MATERIAL FOR THIS TASK below:

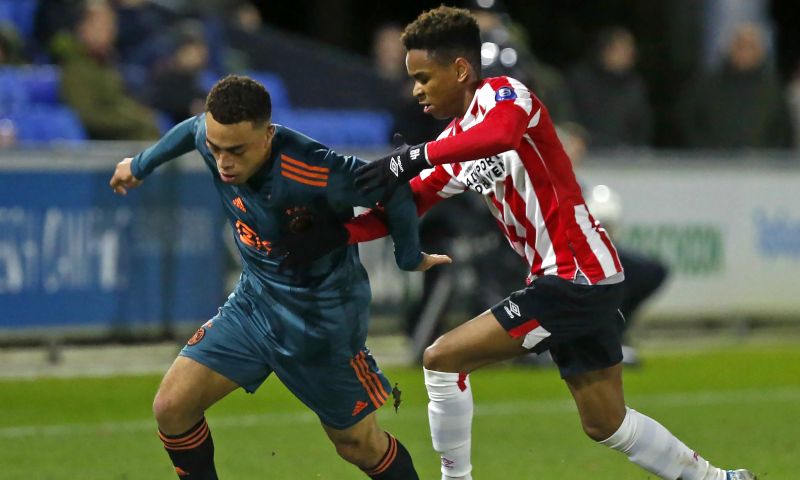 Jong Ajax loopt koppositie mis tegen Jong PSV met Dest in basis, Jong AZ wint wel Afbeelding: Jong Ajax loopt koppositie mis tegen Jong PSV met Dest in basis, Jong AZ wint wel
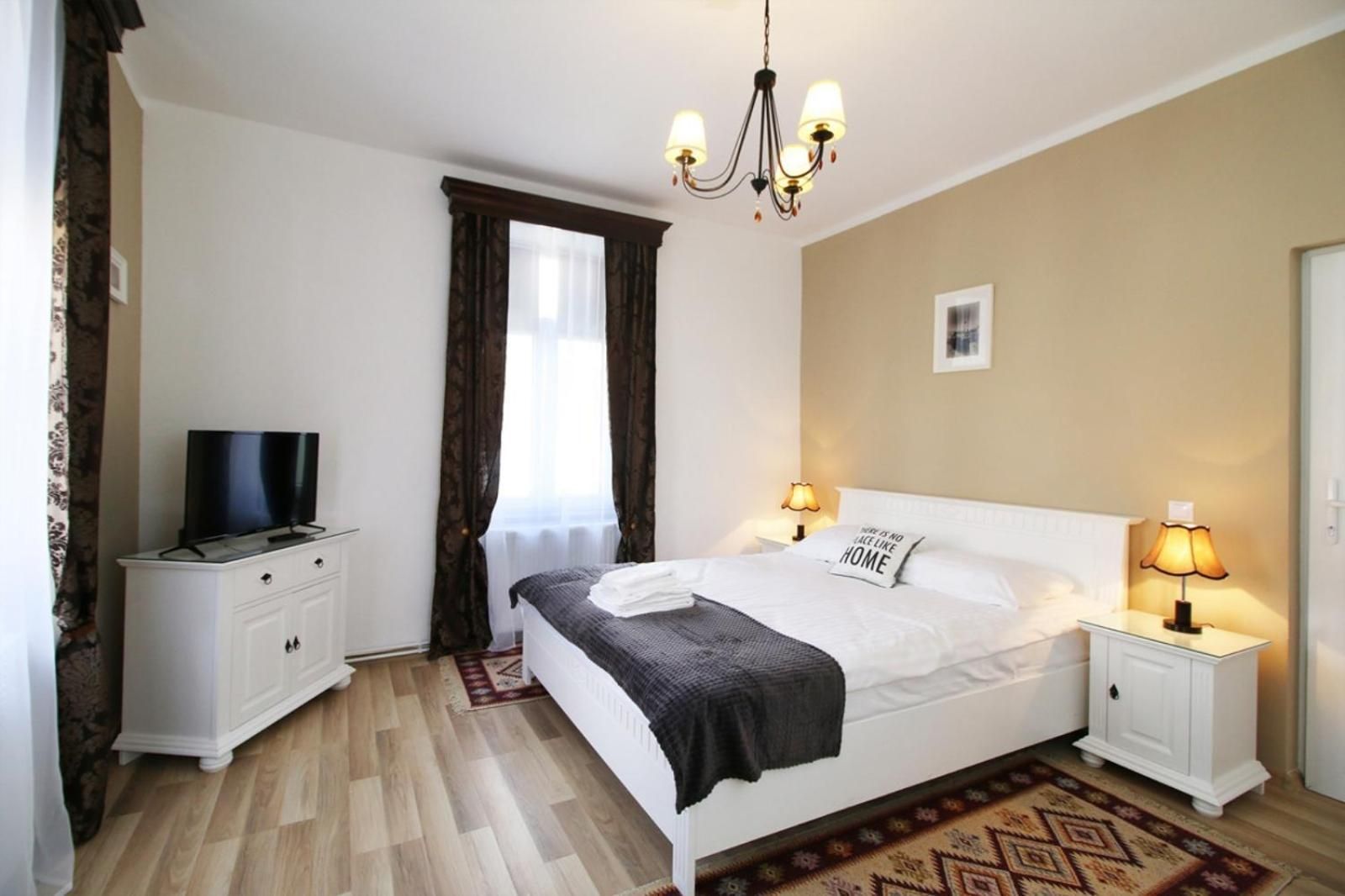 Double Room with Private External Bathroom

End of MATERIAL FOR THIS TASK.
MATERIAL FOR THIS TASK below:

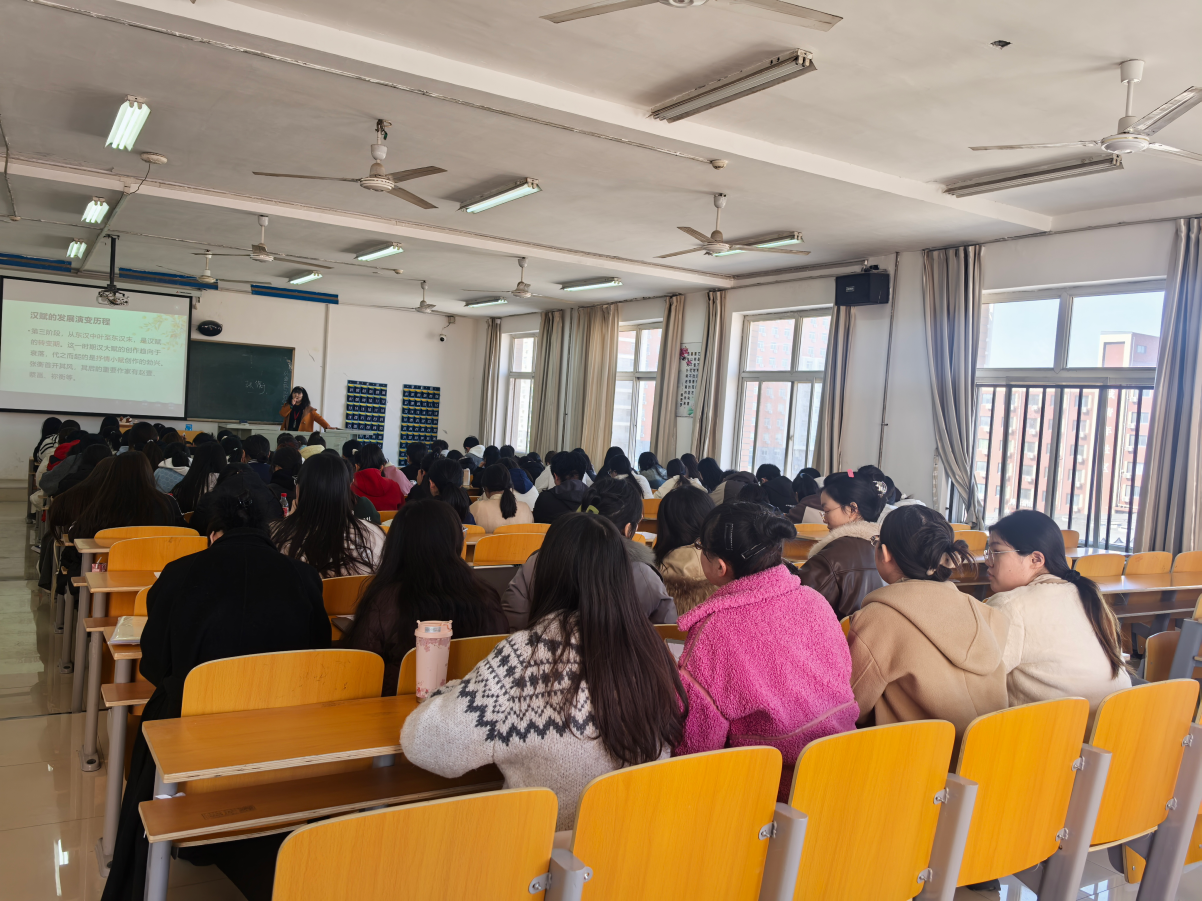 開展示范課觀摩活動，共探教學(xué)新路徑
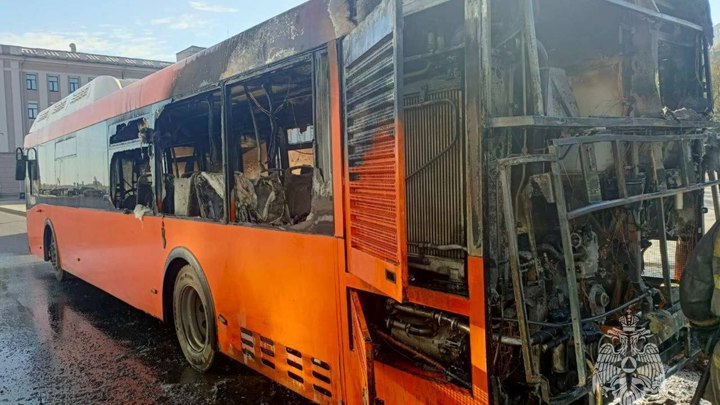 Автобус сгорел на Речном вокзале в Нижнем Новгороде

End of MATERIAL FOR THIS TASK.

▶ [EXERCISE REQUIREMENTS]: Look above for the line with "wel Afbeelding: Jong"; quote it and every line after it, stopping after the line with "Double Room with Private External Bathroom", exactly, with nothing added and without pictures.

▶ [REPLY]:
 Jong Ajax loopt koppositie mis tegen Jong PSV met Dest in basis, Jong AZ wint wel Afbeelding: Jong Ajax loopt koppositie mis tegen Jong PSV met Dest in basis, Jong AZ wint wel
 Double Room with Private External Bathroom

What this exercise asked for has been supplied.